Push for crucial change to your phone
The consumer watchdog is pushing to limit Google's dominance on smartphones by giving Aussies other options for search engines.
The Australian Competition and Consumer Commission is asking for submissions from smartphone users and industry participants to inform a report it will hand to the federal government in September, which will examine the fairness of competition among search engines in handheld devices.
The ACCC is questioning whether the government should compel Google to offer "choice screens" to Android users in Australia after European consumers were given the option.
Choice screens give users a selection of internet search services on mobiles and tablets, rather than a preselected search service.
Manufacturers usually supply desktops, tablets and mobiles with a preinstalled operating system, including a web browser.
Web browsers often select a default search service, which is embedded within the browser.
The Google Chrome browser is preinstalled on nearly all Android devices while Google Search is the default option on Google Chrome and Apple's Safari mobile browsers, making it the default search on more than 95 per cent of mobile devices.
"Google should provide Australian users of Android devices with the same options being rolled out to existing Android users in Europe; that is, the ability to choose their default search engine and default internet browser from a number of options," a 2019 ACCC report read.
"If Google does not introduce similar options for Australian Android users by six months from the date of the report, the ACCC will submit to the government that it should consider compelling Google to offer this choice."
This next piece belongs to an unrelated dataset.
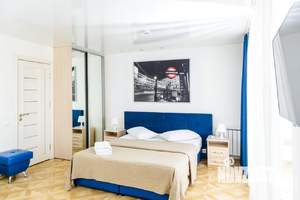 1-к квартира, посуточно, 20м2, 1/1 этаж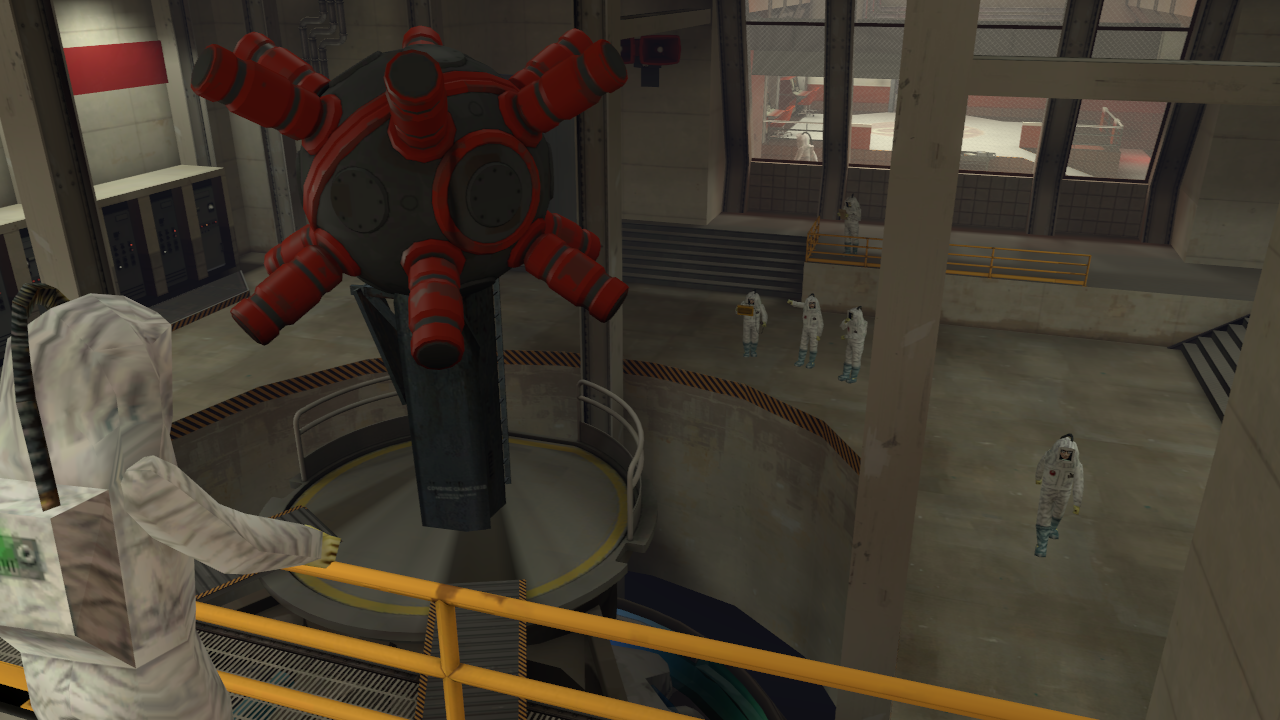 Destructor Lab Reactor lab by theNBCguy on DeviantArt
The ACCC on Thursday released an issues paper, which it is asking smartphone users and industry participants to respond to by April 15. It will take the responses as part of its final report to the government in September.
The issues paper examines the extent to which consumers are harmed by default search engine arrangements and whether Google's choice screen rollout in Europe is fit for Australia.
"We know that, in general, setting a default option substantially increases the likelihood that consumers and businesses will stick with that option. This can have the effect of reducing competition and consumer choice in the supply of these services," ACCC chair Rod Sims said.
"We would like to hear from consumers and businesses about the impact of the pre-installation of services and default settings on devices on their use of these services.
"We're also interested in how the design of user interfaces on devices, such as widgets, search bars, and the steps required for a consumer to change a default search service, can affect how consumers use these services."